A triangle has sides with lengths of 5, 8, and 3. What is the radius of the triangles inscribed circle?

1 Answer
Jan 22, 2016

There exists no triangle with the given measurements because the given measurements form a straight line.

If you still want to calculate the are then I have explained below.

If #a, b and c# are the three sides of a triangle then the radius of its inscribed circle is given by

#R=Delta/s#

Where #R# is the radius #Delta# is the are of the triangle and #s# is the semi perimeter of the triangle.

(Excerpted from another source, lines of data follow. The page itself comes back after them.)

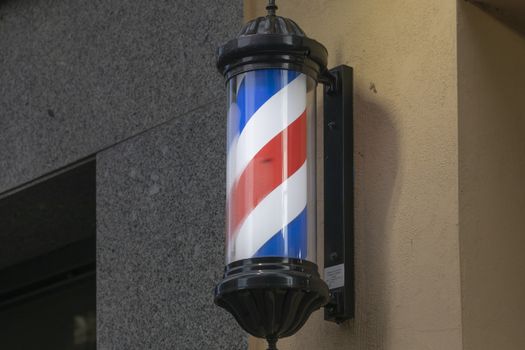 Classic barber pole with red, white and blue stripes, located on the facade of a building, on Calle Doce de Octubre, a commercial area of Madrid.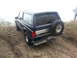 1995 Ford Bronco - Ford Bronco navigates an off-road trail, showing its rear profile and spare tire.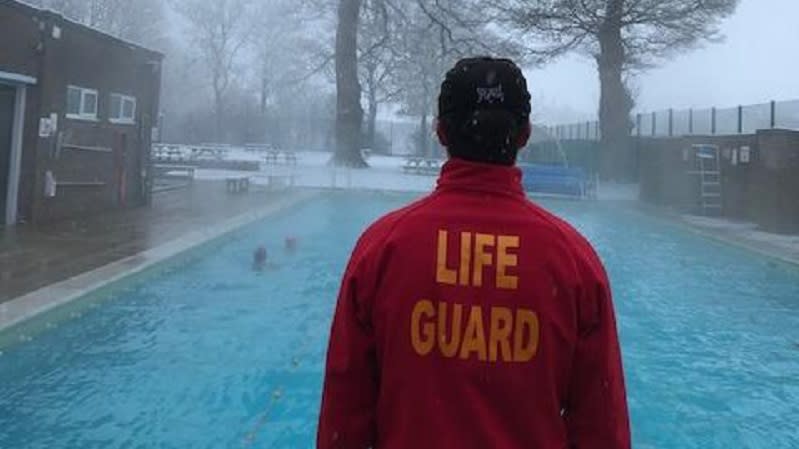 A lifeguard stands, with his back to the camera, looking at the swimming pool with steam rising into the cold air, surrounded by snow dusted ground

The area #Delta# of a triangle is given by

#Delta=sqrt(s(s-a)(s-b)(s-c)#

And the semi perimeter #s# of a triangle is given by
#s=(a+b+c)/2#

Here let #a=5, b=8 and c=3#

#implies s=(5+8+3)/2=16/2=8#

#implies s=8#

#implies s-a=8-5=3, s-b=8-8=0 and s-c=8-3=5#

#implies s-a=3, s-b=0 and s-c=5#

#implies Delta=sqrt(8*3*0*5)=sqrt0=0#

#implies R=0/8=0#

Mathematically, since the area comes out to be zero therefore it proves that it is a straight line it is not a triangle, and since there is no triangle so there is no in-circle and thus no in-radius.